TASK DESCRIPTION:
Give the lines again exactly as they appear below, from the line with "Red Triangle Pattern Hip Flask (6 Oz)" to the line with "Магнитный плакат 3Х3", both included, and only those lines. Leave every picture out.

DATA FOR THE TASK:

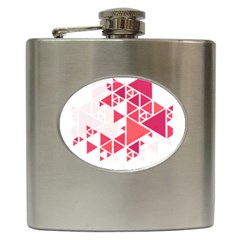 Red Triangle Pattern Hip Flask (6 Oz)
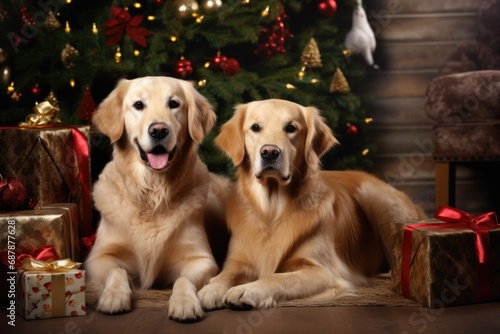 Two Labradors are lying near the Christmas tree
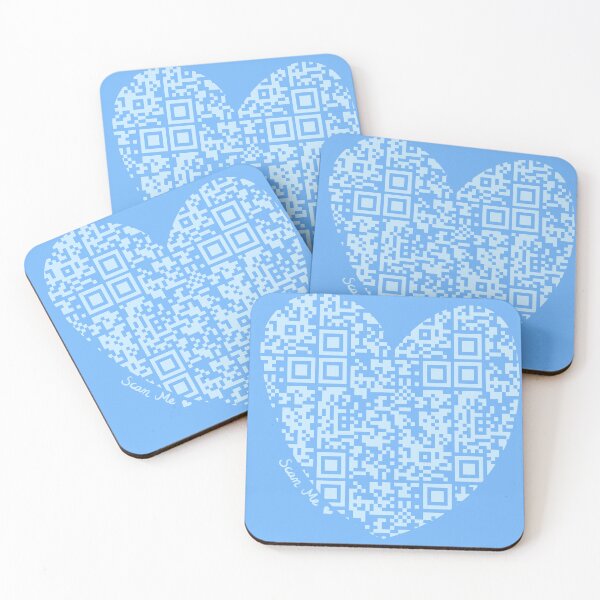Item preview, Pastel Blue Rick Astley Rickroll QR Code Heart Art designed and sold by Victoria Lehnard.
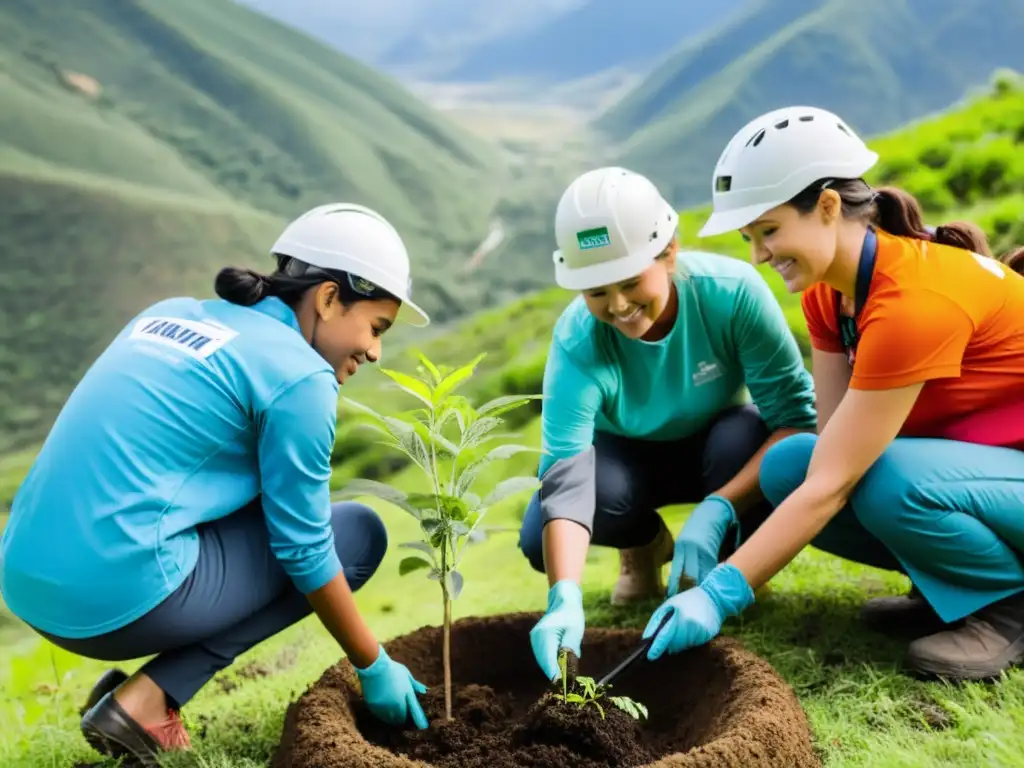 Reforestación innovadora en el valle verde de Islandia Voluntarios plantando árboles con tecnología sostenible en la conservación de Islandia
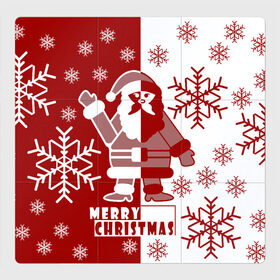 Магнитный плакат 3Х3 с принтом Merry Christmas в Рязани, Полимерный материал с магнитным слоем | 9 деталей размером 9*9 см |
==
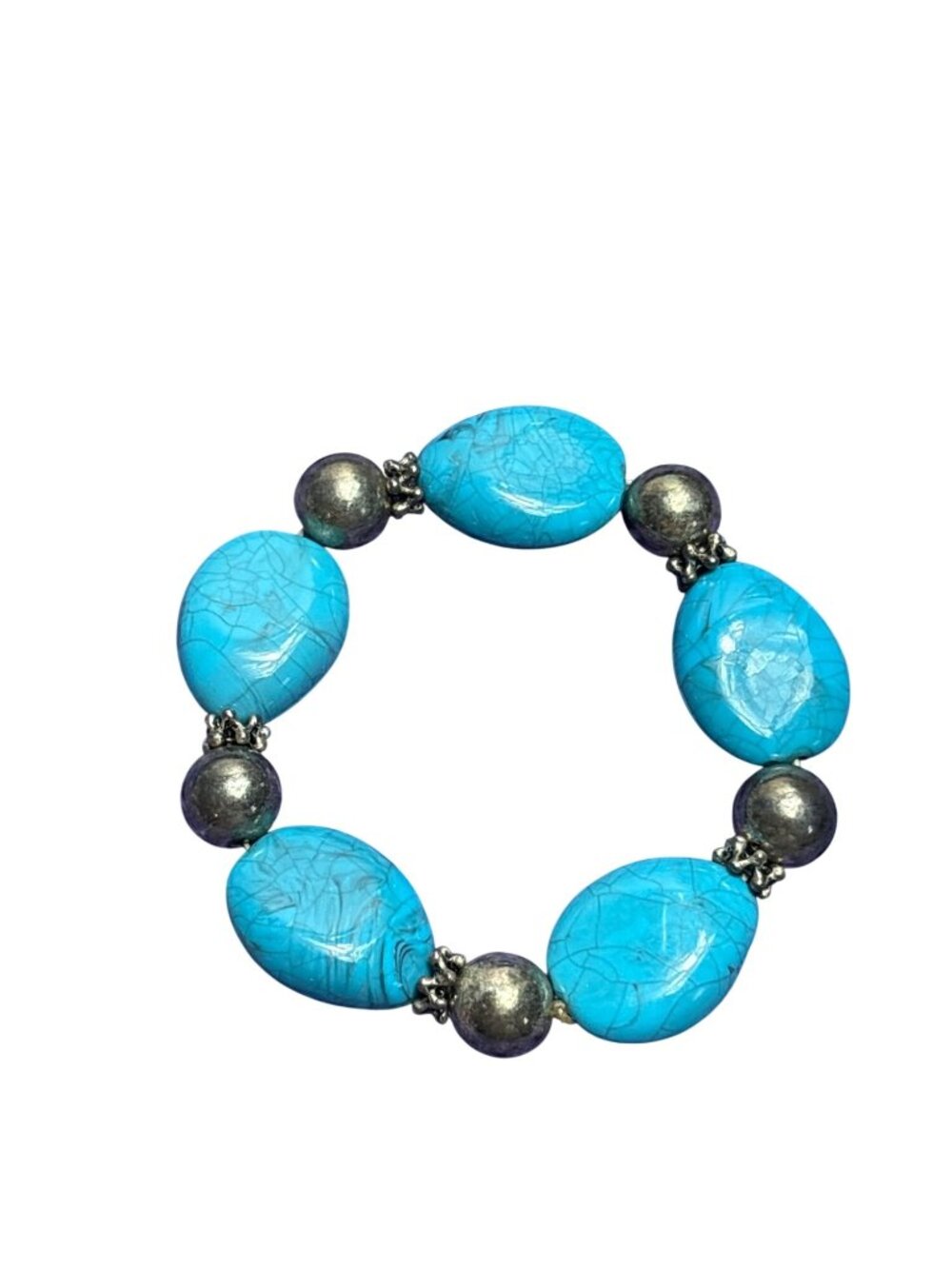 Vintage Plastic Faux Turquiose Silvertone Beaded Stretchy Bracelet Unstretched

THE ANSWER:
 Red Triangle Pattern Hip Flask (6 Oz)
 Two Labradors are lying near the Christmas tree
Item preview, Pastel Blue Rick Astley Rickroll QR Code Heart Art designed and sold by Victoria Lehnard.
 Reforestación innovadora en el valle verde de Islandia Voluntarios plantando árboles con tecnología sostenible en la conservación de Islandia
 Магнитный плакат 3Х3 с принтом Merry Christmas в Рязани, Полимерный материал с магнитным слоем | 9 деталей размером 9*9 см |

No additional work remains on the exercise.